Masters was the Premier League's fourth choice for the role, following a protracted recruitment process that involved Susanna Dinnage, Tim Davie and David Pemsel all being offered - but later declining - the position ahead of him. There were also accusations that the biggest teams in the Premier League held too much influence over the process, with Liverpool and Manchester United alleged to have held private talks with candidates chosen by the Premier League's official nominating committee, before deciding whether to enact their unofficial veto over the decision.

===Controversies===
===="Small clubs" remark====
On 16 January 2024, Masters described Nottingham Forest and Everton Football Clubs as "small clubs" during a session of the Culture, Media and Sport Committee, prompting a furious reaction from fans and media alike. The chair of the CMS Committee, Dame Caroline Dinenage MP, wrote to Masters asking him to clarify his comments, stating:

“Richard Masters’ implication that nine-times league title winners Everton and double European Cup winners Nottingham Forest are ‘small clubs’ will have raised eyebrows with fans. To suggest clubs are categorised according to size raises wider questions about whether every member of the league truly does receive treatment that is fair and consistent."

====Governance review====
On 22 July 2021, Tracey Crouch MP, chair of the fan-led review into the UK's football governance, announced that the Premier League under Masters had "lost the trust and confidence" of fans within the review's interim findings. The review further recommended that a new Independent Football Regulator be created to oversee the league's governance.
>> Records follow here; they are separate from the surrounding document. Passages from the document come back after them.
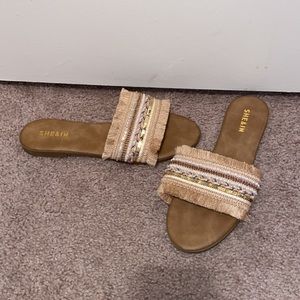 Sheik sandals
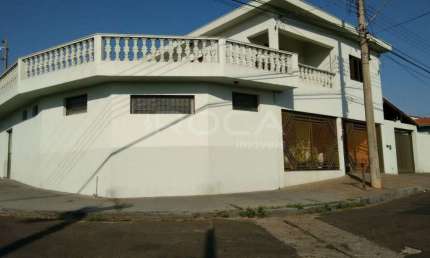 Casa de alto padrão à venda em Jardim Medeiros, São Carlos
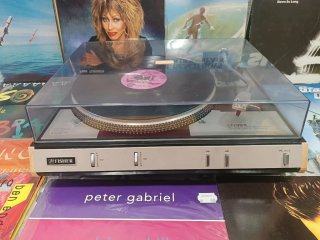 Tocadiscos Fisher japonés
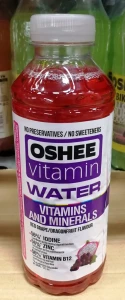 Oshee Water Witaminy i Minerały (czerwone winogrona) 555ml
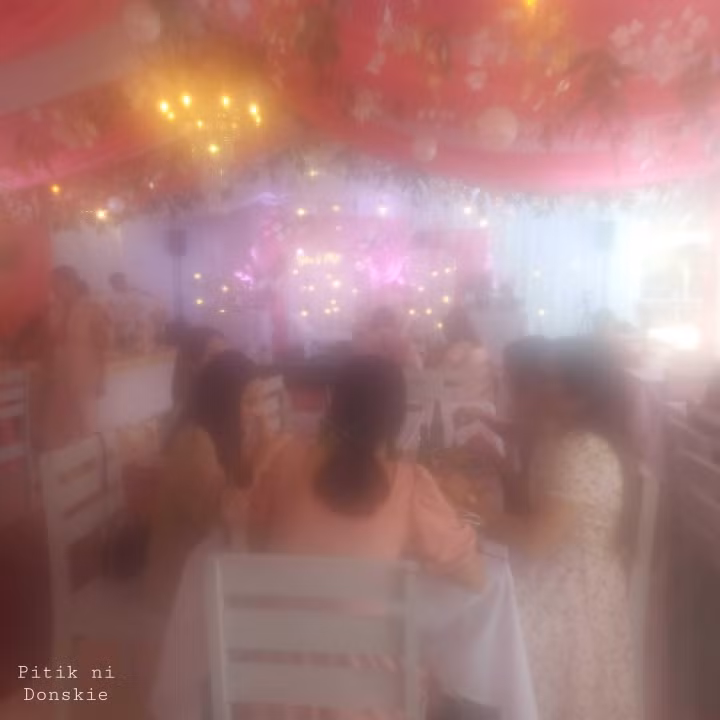 Cô dâu chú rể nhận ảnh xong chắc hẳn sẽ khóc cạn nước mắt bởi tất cả khách mời đều mờ ảo.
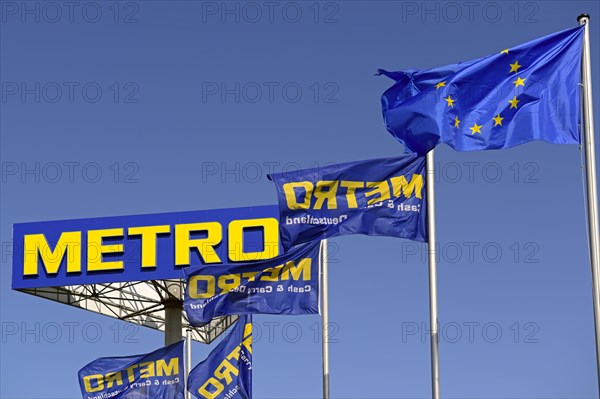 Lettering and flags of Metro AG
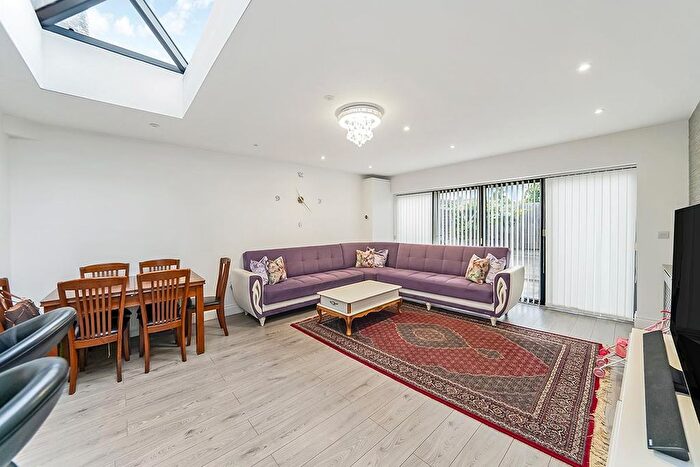 3 Bedroom Terraced House For Sale In Myrtle Road, Palmers Green, N13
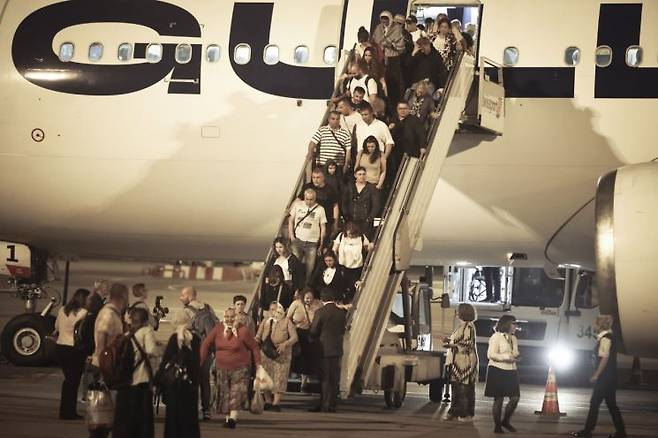 불가리아 또한 18일 민항기를 이용해 148명을 대피시켰다. 이 중 89명이 불가리아 국적자였고 59명은 슬로베니아, 미국, 벨기에 등 타국 국적자였다. AP·연합뉴스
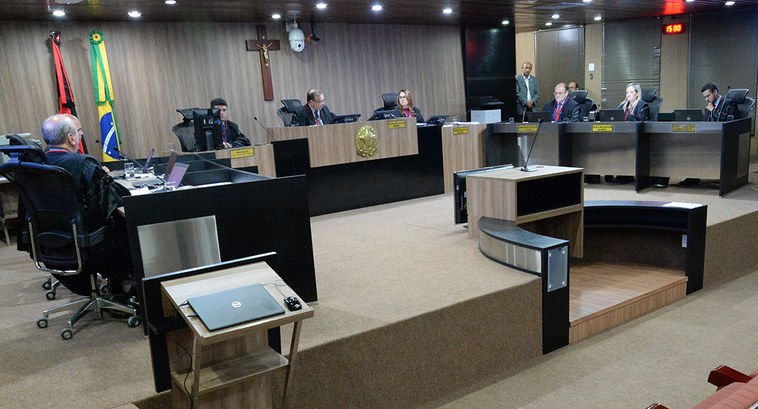 #PraCegoVer: Corte Eleitoral em sessão de julgamento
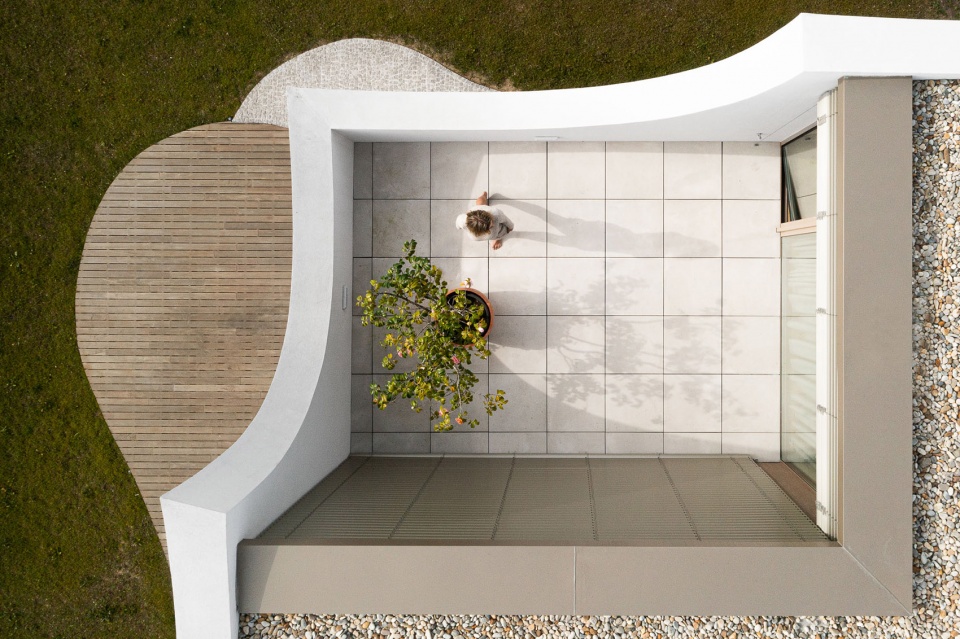 Casa Patios de Petalas by Sandra Micaela Casinha Atelier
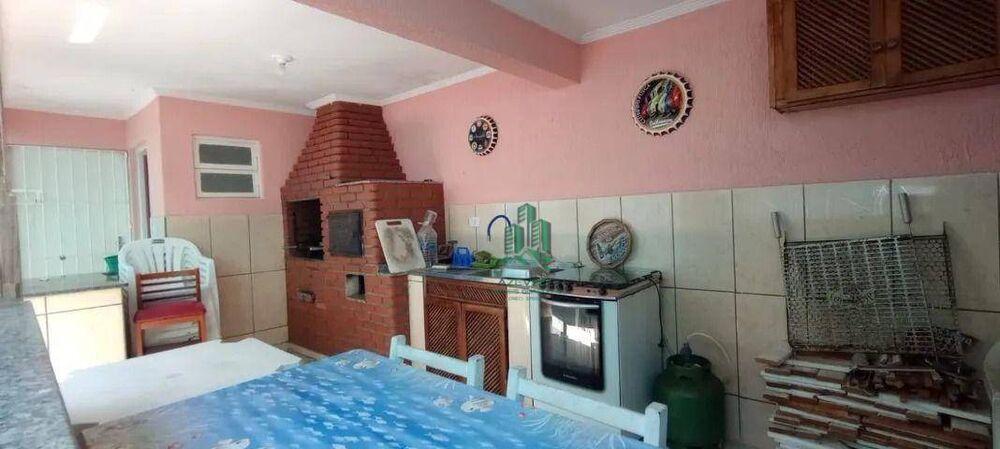 Casa, 4 quartos, 250 m² - Foto 1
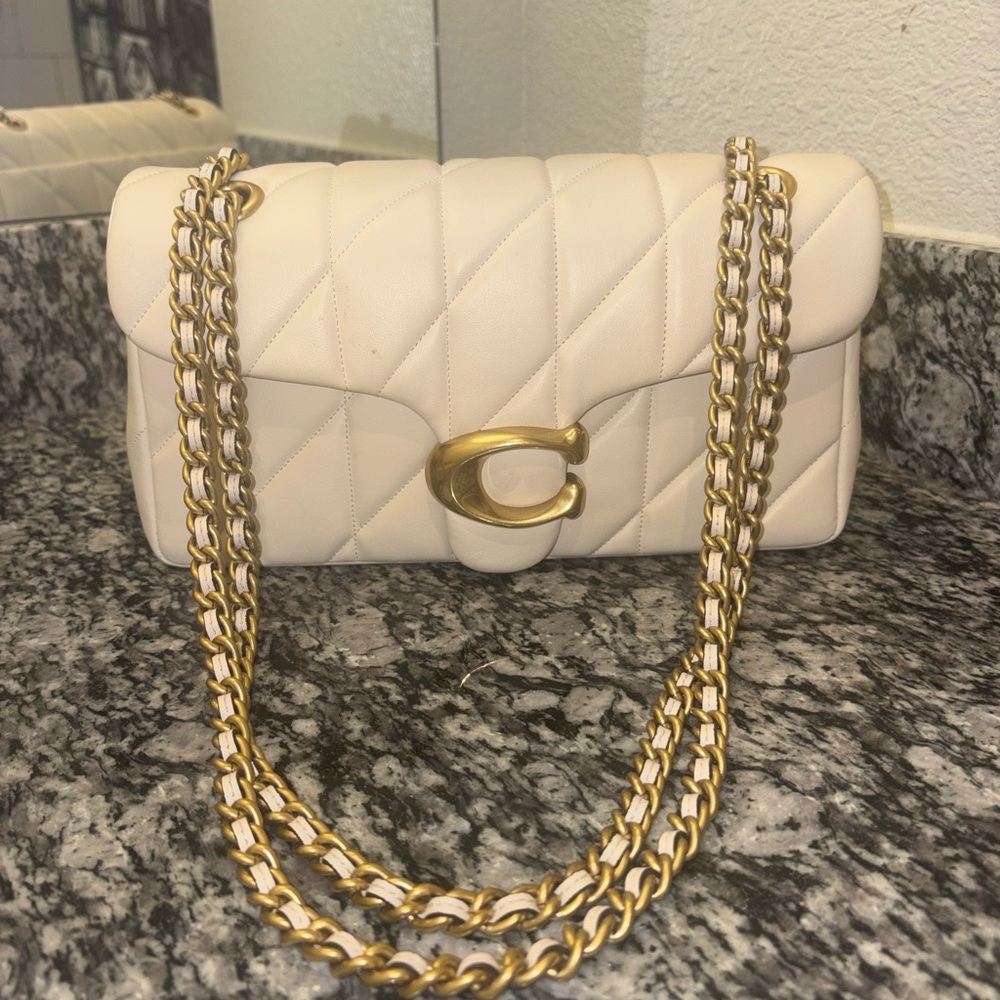Coach Quilted Tabby 26 bag - Picture 4 of 6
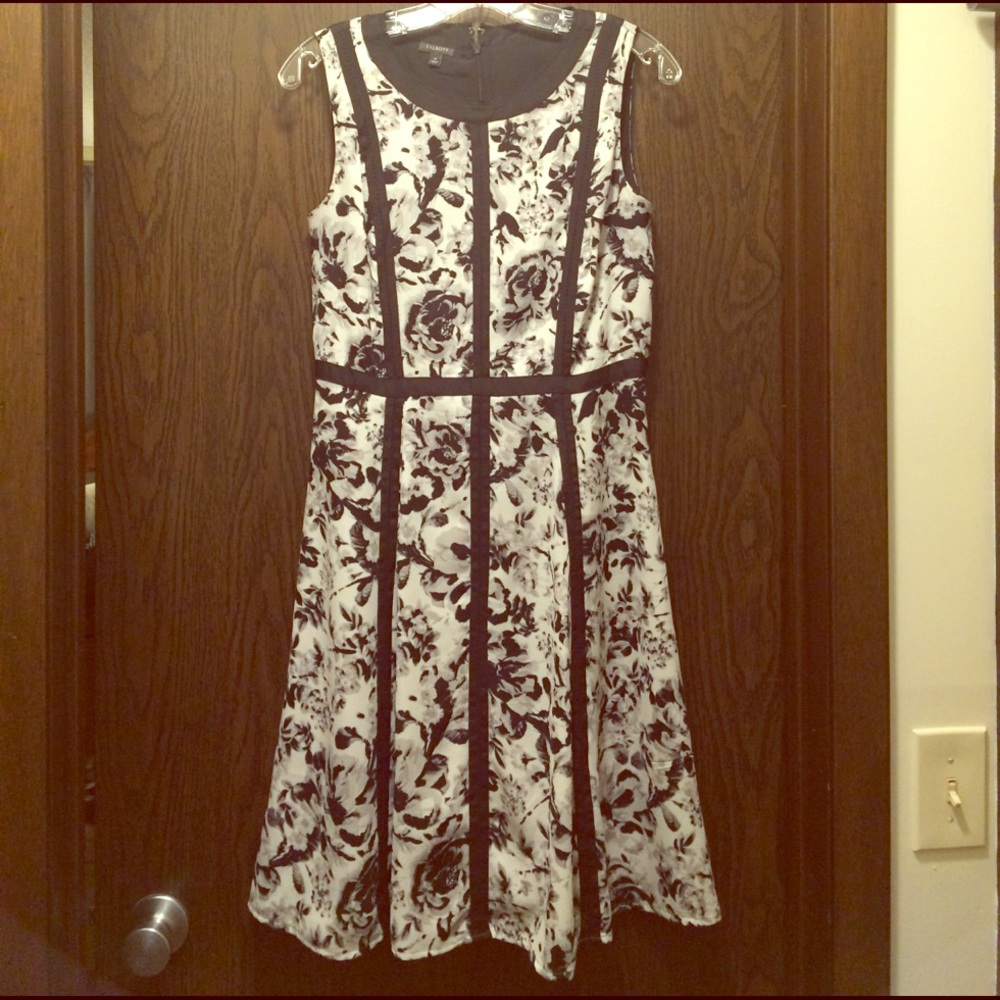 Beautiful floral dress!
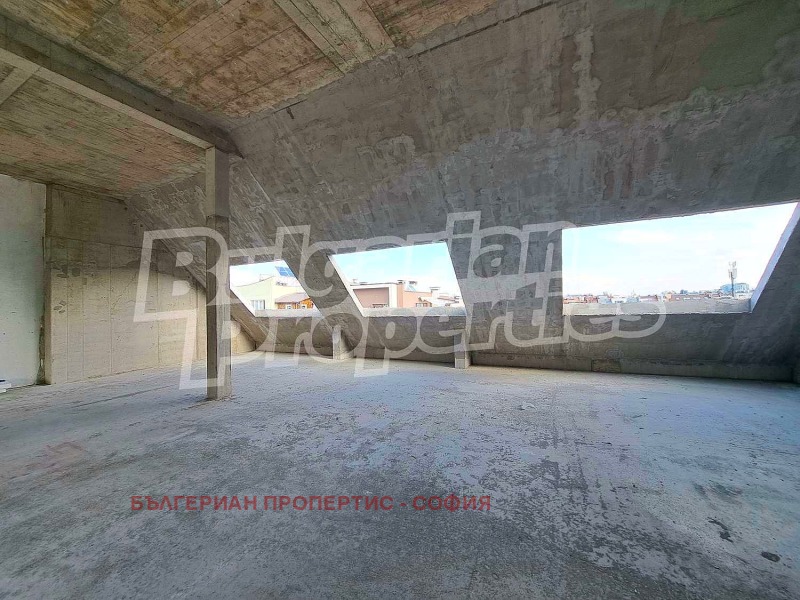 Na sprzedaż  3 sypialnie Sofia , Zona B-5 , 176 mkw | 82801528 - obraz [2]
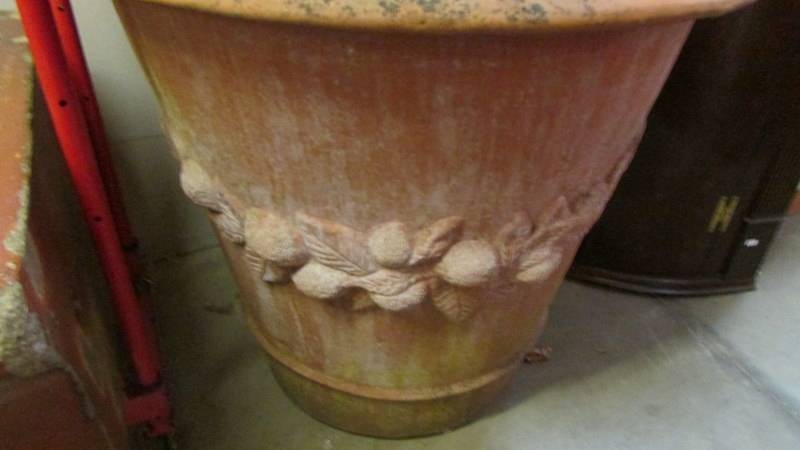 A large earthenware planter. (Collect only). - Image 2 of 2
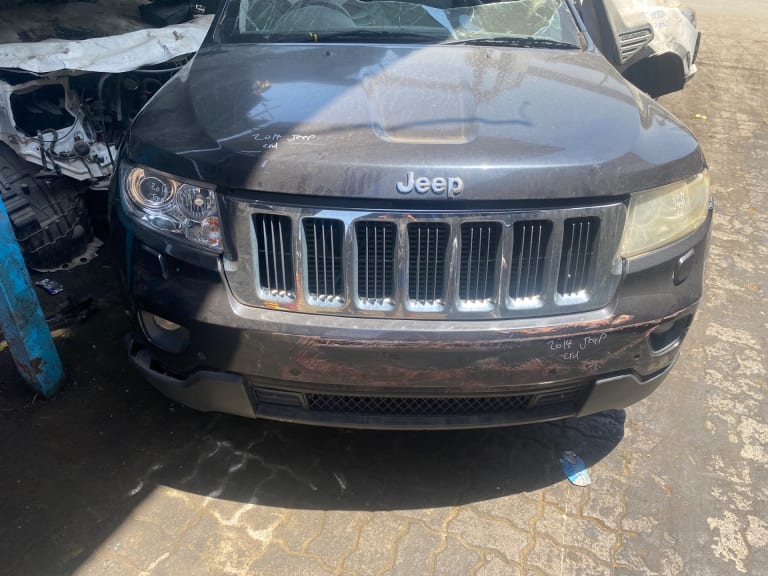 Nose cut Jeep Grand Cherokee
====APT regulations crisis====
On 9 October 2024, Masters withdrew from a high-level golf event with key Premier League broadcasters to focus on the crisis surrounding the Premier League’s Associated Party Transaction (APT) regulations. On 7 October 2024, an independent tribunal had ruled that the league’s regulations were unlawful following a legal challenge from Manchester City. Masters was due to chair a subsequent emergency meeting between all twenty Premier League clubs on 17 October 2024.

====Newcastle United takeover====

On 9 September 2020, Masters was accused by Newcastle United of not "acting appropriately" in relation to the Premier League's blocking of the attempted takeover of the club by a consortium consisting of PCP Capital Partners, Reuben Brothers and the Public Investment Fund of Saudi Arabia. This followed accusations from the consortium that the Premier League had deliberately misapplied their Owners' and Directors' test in order to frustrate the deal, due to improper influence from various third parties to block it. On 29 September 2021, a competition appeal tribunal heard that Masters and the Premier League "abused its position" after it was "improperly influenced" by outside agencies such as the Qatari owned media outlet, BeIN Sports.

On 28 March 2023, Masters told the MPs that he could not comment on whether Newcastle's connection with Saudi Arabia was being reinvestigated following a US court case, which described the Saudi PIF as "a sovereign instrumentality of the Kingdom of Saudi Arabia". The court case also said about the PIF governor and the Newcastle chairman, Yasir Al-Rumayyan, that he is "a sitting minister of the government" with "sovereign immunity". It raised concerns about the degree of independence between PIF and Newcastle.